■ **TASK ITEM**
In the listing below, start your output at the line with "Adidas Predator Accuracy.1 L FG (Bliss Blue)" and end it after the line with "Theme for dust screenshot 1", copying every line exactly.
● ● ● ● ● ● ●
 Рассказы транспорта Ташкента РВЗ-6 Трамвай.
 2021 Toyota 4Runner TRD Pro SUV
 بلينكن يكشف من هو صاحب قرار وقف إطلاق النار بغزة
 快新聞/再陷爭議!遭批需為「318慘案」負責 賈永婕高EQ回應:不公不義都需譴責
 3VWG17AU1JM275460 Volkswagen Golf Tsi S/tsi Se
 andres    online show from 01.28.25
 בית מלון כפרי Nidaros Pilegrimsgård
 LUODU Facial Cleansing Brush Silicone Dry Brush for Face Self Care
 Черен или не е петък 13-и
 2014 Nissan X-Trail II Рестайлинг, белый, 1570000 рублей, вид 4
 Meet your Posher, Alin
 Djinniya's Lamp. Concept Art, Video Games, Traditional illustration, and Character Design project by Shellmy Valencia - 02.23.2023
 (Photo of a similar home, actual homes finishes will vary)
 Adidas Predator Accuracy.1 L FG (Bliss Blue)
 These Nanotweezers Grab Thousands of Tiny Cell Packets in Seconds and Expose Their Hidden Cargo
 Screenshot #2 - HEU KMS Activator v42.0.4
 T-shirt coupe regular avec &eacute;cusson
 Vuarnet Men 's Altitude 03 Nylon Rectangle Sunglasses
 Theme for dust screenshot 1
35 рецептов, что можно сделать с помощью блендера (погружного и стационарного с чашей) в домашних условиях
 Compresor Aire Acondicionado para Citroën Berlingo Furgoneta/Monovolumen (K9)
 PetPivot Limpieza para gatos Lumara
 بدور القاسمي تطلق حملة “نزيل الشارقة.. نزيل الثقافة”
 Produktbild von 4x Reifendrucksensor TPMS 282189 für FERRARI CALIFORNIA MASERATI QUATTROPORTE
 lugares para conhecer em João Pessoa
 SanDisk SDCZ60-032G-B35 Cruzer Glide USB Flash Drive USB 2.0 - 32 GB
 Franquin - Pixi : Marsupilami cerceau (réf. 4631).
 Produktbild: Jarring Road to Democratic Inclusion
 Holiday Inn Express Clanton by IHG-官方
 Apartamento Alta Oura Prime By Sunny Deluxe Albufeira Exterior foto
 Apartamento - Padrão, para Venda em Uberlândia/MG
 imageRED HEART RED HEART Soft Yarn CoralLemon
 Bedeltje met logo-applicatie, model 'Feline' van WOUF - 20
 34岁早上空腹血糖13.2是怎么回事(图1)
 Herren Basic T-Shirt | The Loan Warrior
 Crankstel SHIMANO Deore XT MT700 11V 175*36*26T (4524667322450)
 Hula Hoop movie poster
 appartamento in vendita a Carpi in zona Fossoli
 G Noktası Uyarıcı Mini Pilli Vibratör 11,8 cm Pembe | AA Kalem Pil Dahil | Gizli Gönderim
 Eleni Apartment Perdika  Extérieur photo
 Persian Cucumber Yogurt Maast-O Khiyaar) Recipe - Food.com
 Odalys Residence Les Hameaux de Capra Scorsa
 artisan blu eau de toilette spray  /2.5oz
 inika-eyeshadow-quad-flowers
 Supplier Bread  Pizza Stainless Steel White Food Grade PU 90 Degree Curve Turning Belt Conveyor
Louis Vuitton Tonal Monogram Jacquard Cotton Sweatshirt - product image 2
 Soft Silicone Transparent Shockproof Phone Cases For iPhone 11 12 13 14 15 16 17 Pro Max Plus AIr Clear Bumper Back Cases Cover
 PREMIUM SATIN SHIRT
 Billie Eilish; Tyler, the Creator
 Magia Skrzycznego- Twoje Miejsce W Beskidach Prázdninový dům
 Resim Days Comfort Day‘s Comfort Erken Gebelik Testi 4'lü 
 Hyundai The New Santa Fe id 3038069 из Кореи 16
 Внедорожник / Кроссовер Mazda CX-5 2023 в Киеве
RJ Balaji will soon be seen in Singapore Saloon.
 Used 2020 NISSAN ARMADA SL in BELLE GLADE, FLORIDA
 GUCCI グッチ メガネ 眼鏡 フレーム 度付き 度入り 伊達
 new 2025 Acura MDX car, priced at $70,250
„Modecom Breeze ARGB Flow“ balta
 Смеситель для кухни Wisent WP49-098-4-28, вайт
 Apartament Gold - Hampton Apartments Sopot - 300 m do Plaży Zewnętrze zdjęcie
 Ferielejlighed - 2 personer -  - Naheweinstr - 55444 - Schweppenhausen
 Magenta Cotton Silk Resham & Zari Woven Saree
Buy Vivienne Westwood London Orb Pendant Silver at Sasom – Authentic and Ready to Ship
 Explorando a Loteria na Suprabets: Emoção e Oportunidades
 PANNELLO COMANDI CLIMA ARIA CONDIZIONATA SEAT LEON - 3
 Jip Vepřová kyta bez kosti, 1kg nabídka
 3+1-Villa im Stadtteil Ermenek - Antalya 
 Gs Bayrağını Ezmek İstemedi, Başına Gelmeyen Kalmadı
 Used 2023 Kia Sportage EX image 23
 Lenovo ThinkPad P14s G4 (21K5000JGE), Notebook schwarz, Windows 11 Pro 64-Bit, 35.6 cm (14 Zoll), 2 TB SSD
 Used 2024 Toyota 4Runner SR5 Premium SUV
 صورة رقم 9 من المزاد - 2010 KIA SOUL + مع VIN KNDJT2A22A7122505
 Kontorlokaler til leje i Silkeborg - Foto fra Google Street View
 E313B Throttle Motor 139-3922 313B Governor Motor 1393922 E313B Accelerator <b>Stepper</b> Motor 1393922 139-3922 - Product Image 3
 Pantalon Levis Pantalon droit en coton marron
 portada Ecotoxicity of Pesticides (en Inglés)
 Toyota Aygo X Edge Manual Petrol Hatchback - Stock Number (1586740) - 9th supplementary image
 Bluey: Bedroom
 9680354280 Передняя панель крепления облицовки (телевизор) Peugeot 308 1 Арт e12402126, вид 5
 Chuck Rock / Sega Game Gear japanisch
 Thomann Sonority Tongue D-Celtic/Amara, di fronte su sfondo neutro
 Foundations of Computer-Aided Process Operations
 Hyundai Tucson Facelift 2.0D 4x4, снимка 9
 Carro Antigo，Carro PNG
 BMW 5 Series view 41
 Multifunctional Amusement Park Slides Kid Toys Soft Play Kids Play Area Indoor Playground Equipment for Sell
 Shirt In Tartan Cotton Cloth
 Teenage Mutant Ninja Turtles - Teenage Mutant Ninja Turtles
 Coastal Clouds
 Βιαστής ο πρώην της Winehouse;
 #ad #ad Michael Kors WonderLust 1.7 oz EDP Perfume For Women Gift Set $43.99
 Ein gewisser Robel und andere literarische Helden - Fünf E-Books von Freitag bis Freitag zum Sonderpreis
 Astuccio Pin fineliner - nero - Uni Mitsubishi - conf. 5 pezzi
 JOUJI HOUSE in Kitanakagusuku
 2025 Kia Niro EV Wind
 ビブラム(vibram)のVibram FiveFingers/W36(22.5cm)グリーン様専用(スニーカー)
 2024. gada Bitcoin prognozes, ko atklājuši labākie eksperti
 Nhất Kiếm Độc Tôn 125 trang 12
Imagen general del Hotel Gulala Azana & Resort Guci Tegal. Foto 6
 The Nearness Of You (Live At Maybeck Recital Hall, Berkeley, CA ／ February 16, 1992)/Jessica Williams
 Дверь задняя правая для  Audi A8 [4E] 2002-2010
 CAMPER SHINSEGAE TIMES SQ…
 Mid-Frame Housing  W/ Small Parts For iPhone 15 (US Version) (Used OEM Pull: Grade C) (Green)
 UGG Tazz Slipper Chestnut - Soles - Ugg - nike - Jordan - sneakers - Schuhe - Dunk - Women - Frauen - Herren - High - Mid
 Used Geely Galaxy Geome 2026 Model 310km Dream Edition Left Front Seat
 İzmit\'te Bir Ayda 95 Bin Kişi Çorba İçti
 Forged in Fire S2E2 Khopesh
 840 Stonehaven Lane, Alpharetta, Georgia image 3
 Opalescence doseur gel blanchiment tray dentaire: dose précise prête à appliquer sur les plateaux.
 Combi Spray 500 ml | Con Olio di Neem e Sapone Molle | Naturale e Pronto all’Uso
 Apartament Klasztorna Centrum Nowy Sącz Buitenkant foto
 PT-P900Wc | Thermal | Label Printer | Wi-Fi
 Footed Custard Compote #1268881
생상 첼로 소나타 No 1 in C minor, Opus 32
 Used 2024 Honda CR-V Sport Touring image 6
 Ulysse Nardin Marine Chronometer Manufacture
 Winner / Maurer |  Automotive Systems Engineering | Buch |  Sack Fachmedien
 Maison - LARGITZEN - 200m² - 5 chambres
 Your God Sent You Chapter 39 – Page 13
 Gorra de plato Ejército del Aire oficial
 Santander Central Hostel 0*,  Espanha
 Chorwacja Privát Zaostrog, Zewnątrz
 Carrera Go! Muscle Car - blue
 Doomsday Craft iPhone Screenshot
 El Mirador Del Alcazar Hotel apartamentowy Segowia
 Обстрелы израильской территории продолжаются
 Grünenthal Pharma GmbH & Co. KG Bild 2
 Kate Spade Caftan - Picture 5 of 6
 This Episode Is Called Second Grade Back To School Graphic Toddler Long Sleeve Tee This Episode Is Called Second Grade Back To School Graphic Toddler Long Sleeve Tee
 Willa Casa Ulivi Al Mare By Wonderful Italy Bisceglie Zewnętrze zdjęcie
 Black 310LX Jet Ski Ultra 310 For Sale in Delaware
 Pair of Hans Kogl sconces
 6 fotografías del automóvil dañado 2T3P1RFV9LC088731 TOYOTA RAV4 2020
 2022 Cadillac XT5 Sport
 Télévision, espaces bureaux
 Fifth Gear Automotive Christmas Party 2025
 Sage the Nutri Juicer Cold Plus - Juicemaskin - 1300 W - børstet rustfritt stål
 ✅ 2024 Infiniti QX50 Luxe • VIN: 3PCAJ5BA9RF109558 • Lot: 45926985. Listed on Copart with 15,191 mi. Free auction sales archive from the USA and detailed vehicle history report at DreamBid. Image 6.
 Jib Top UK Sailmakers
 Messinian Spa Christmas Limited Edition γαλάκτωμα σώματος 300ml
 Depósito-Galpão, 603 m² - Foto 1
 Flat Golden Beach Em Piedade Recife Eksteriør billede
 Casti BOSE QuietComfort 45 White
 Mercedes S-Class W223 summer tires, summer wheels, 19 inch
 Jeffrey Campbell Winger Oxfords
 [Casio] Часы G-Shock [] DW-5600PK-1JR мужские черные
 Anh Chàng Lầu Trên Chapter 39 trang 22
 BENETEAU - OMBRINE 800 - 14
● ● ● ● ● ● ●
■ **RESULT OF THIS EXERCISE**
 Adidas Predator Accuracy.1 L FG (Bliss Blue)
 These Nanotweezers Grab Thousands of Tiny Cell Packets in Seconds and Expose Their Hidden Cargo
 Screenshot #2 - HEU KMS Activator v42.0.4
 T-shirt coupe regular avec &eacute;cusson
 Vuarnet Men 's Altitude 03 Nylon Rectangle Sunglasses
 Theme for dust screenshot 1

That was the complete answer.